- **Exercise prompt**:
Only the lines below from the one that contains "Wine Zari Satin Silk Banarasi Saree" through the one that contains "ব্লাউজ পিস সহ সেমি মসলিন শাড়ি" should appear in your answer, exact and without pictures.

Pictures with short captions:
——————————

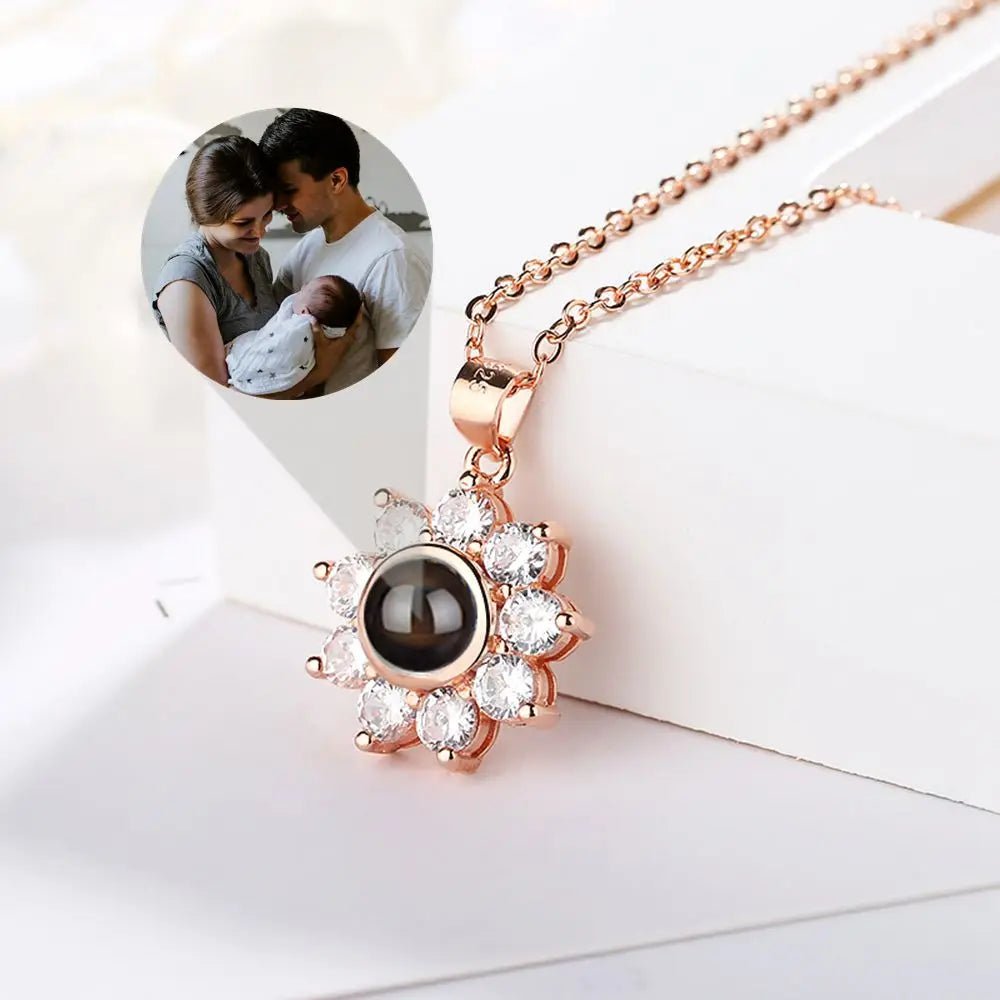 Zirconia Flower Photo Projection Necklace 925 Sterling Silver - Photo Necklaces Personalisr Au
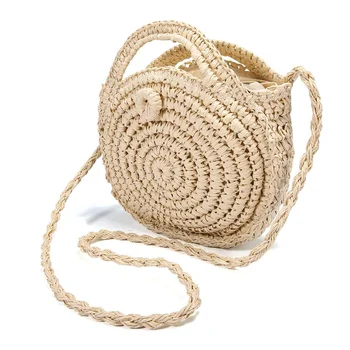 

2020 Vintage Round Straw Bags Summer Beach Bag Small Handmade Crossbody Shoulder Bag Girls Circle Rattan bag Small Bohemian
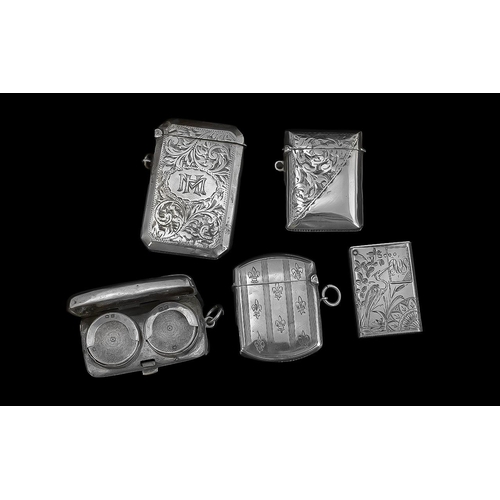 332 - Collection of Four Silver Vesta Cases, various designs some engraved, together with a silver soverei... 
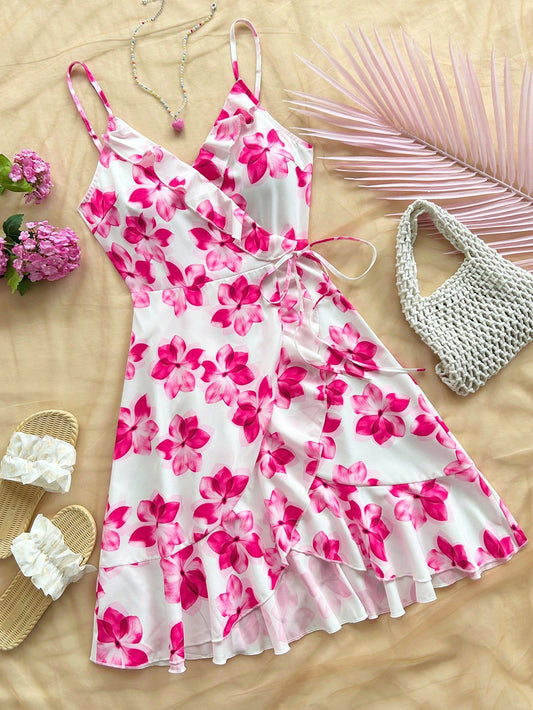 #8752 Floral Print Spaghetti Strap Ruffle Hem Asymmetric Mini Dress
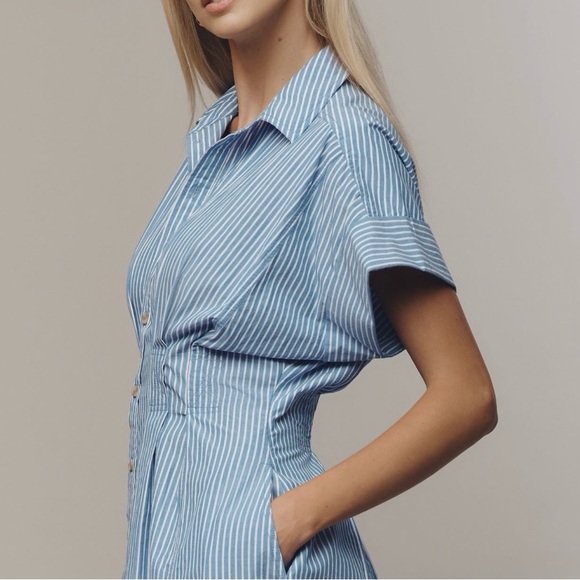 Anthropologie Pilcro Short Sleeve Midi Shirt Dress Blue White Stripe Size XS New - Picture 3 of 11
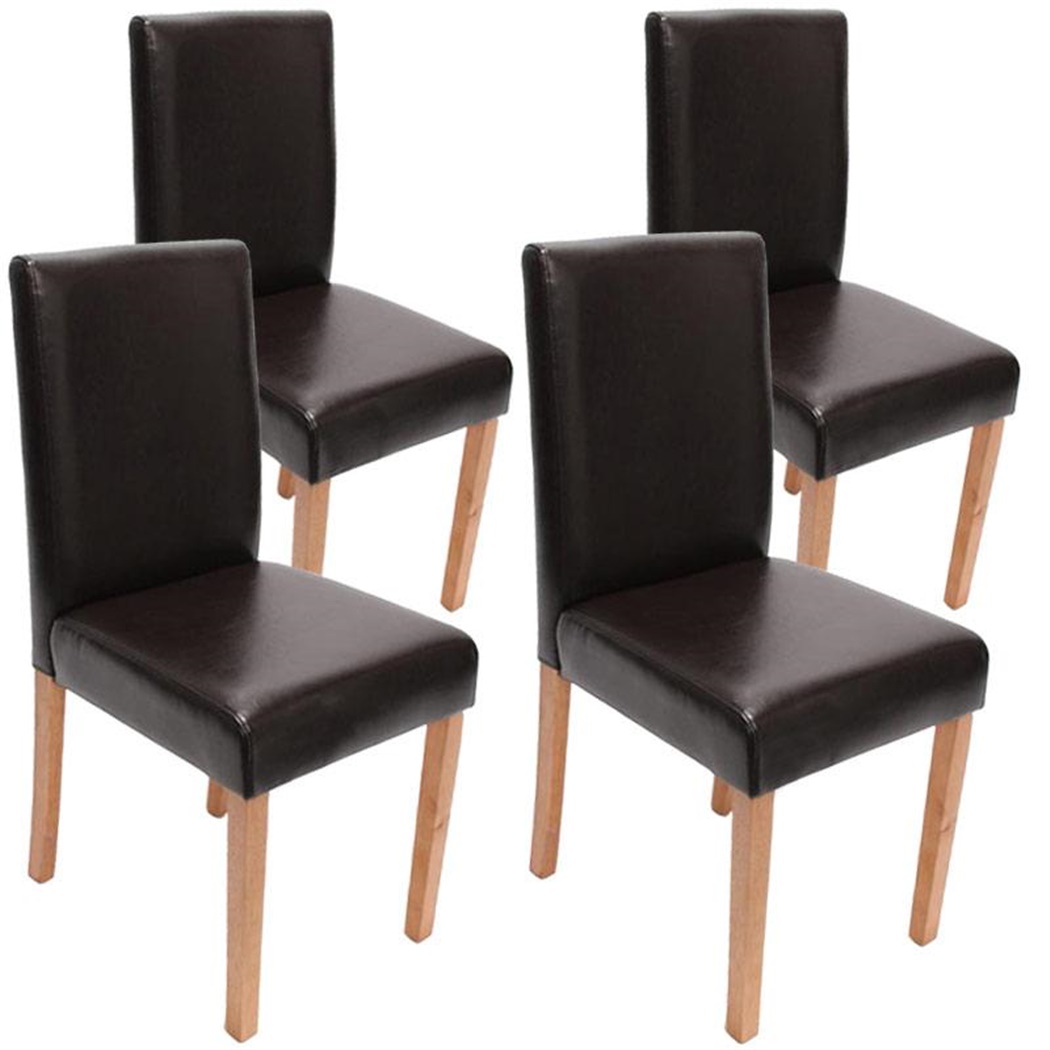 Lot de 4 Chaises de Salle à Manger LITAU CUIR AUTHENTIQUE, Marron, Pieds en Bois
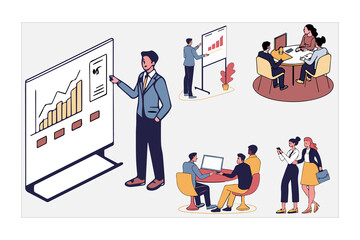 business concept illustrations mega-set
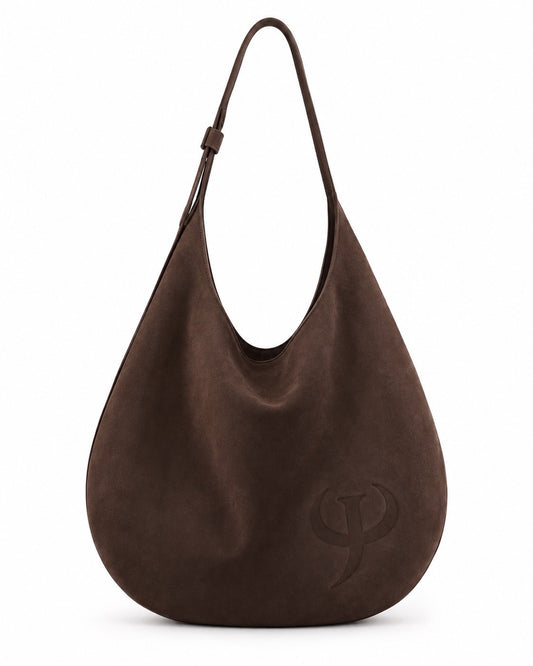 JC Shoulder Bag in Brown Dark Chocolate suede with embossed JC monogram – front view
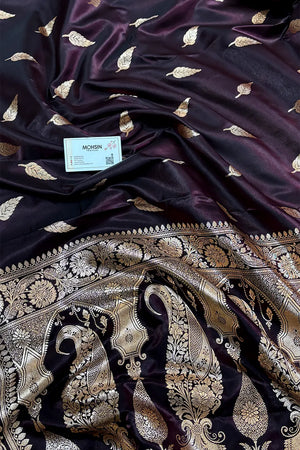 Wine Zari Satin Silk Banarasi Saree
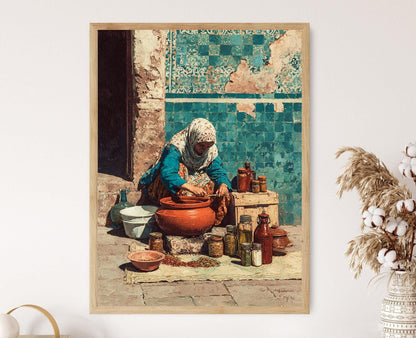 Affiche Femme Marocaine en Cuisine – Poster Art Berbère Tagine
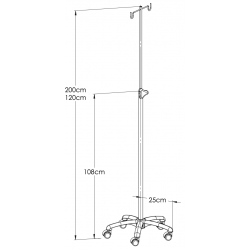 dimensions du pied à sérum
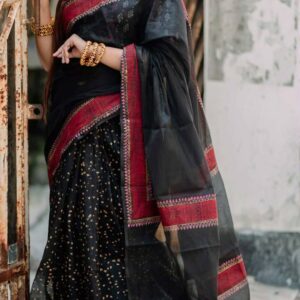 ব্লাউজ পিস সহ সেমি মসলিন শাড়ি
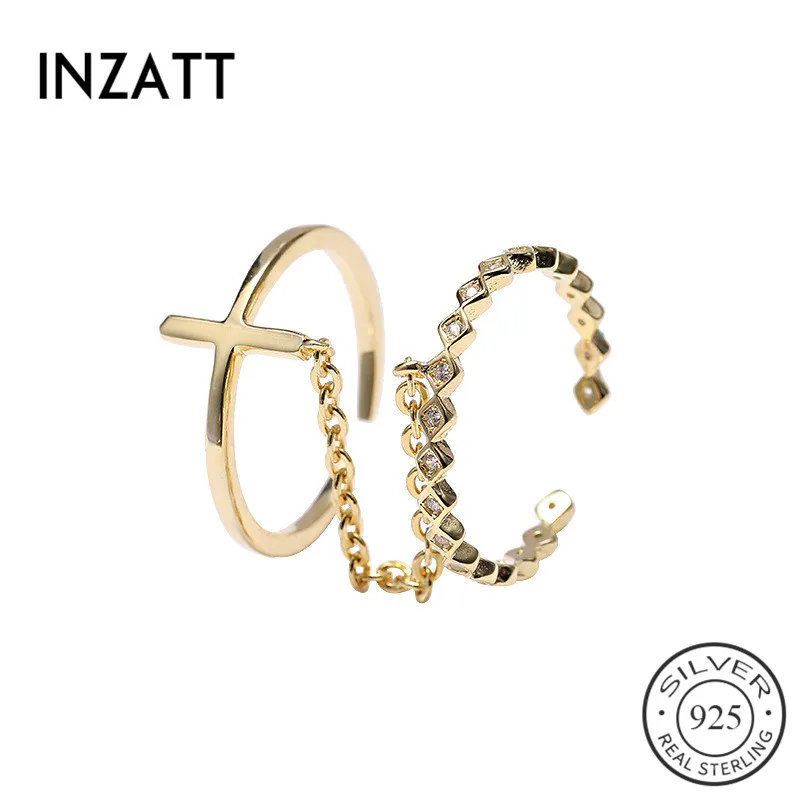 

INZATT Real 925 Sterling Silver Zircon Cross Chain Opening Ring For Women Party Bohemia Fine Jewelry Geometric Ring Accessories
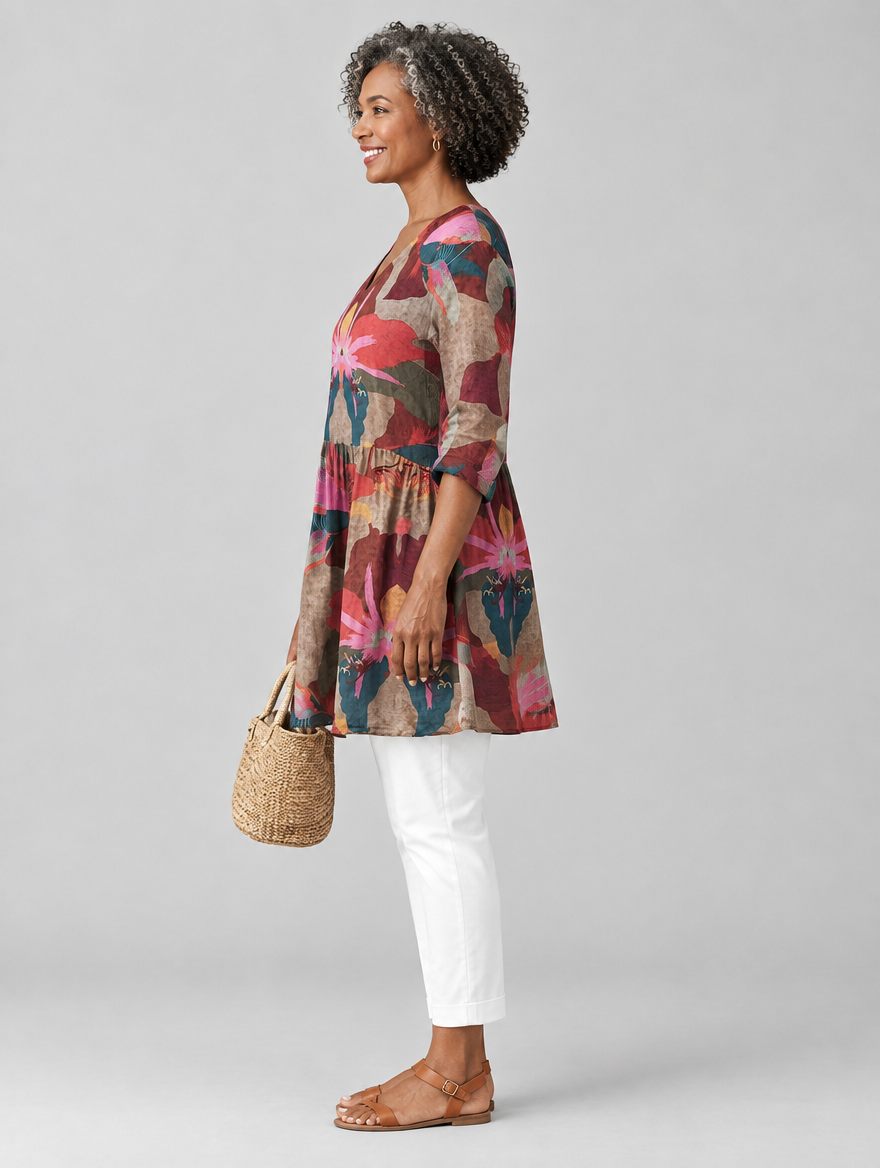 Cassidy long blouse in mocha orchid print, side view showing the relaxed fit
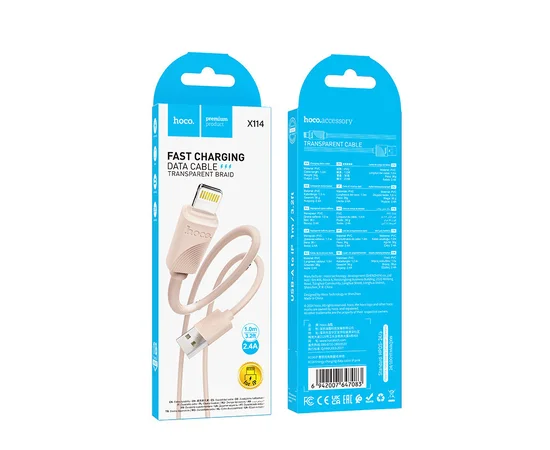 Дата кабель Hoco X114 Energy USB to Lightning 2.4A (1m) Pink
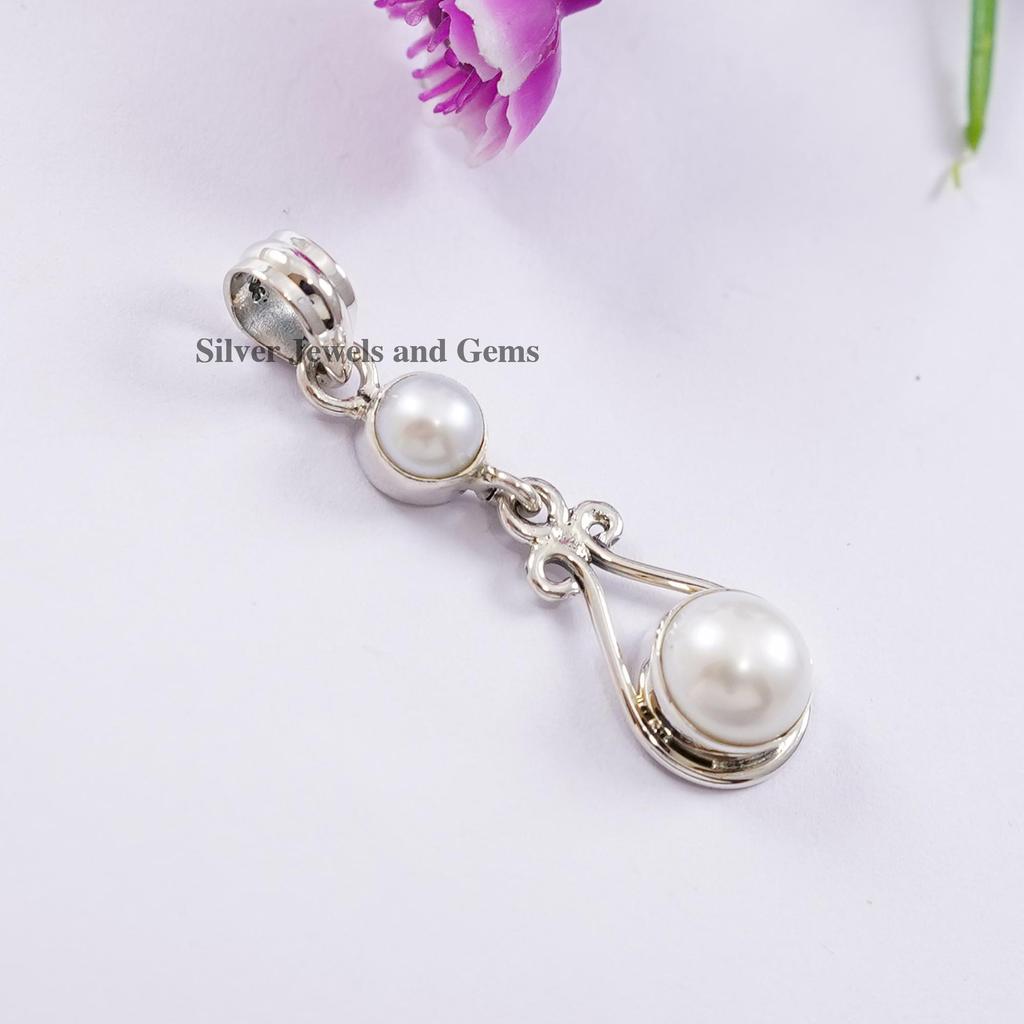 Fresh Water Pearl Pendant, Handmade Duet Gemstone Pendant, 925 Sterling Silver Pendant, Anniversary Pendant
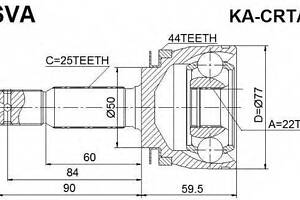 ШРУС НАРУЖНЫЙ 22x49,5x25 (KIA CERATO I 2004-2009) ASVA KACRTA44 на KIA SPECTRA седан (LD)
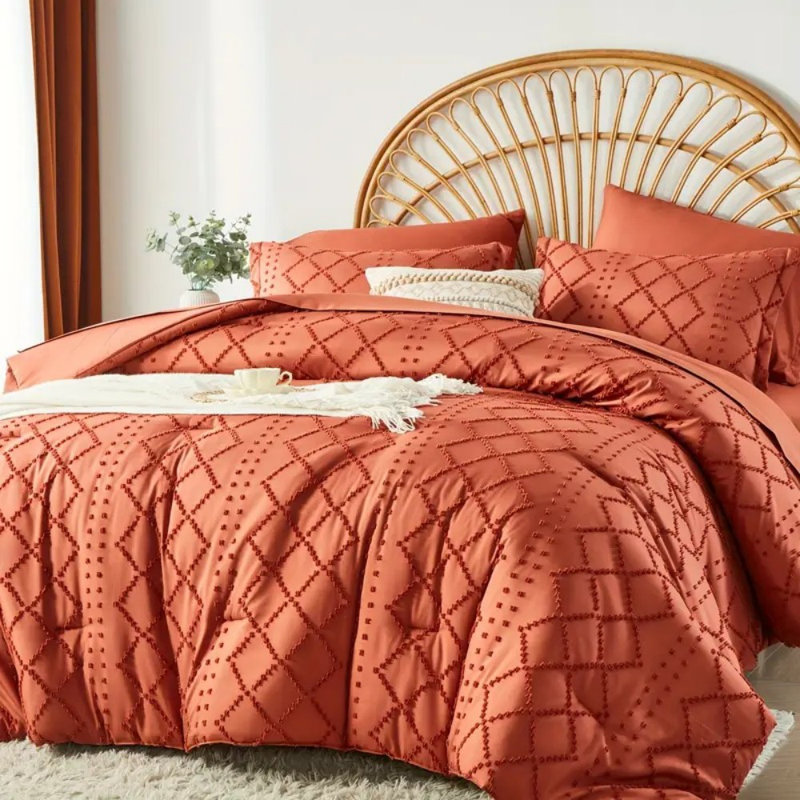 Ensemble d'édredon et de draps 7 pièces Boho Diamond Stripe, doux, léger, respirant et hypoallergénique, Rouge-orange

——————————

- **Solved exercise**:
 Wine Zari Satin Silk Banarasi Saree
 Affiche Femme Marocaine en Cuisine – Poster Art Berbère Tagine
 dimensions du pied à sérum
 ব্লাউজ পিস সহ সেমি মসলিন শাড়ি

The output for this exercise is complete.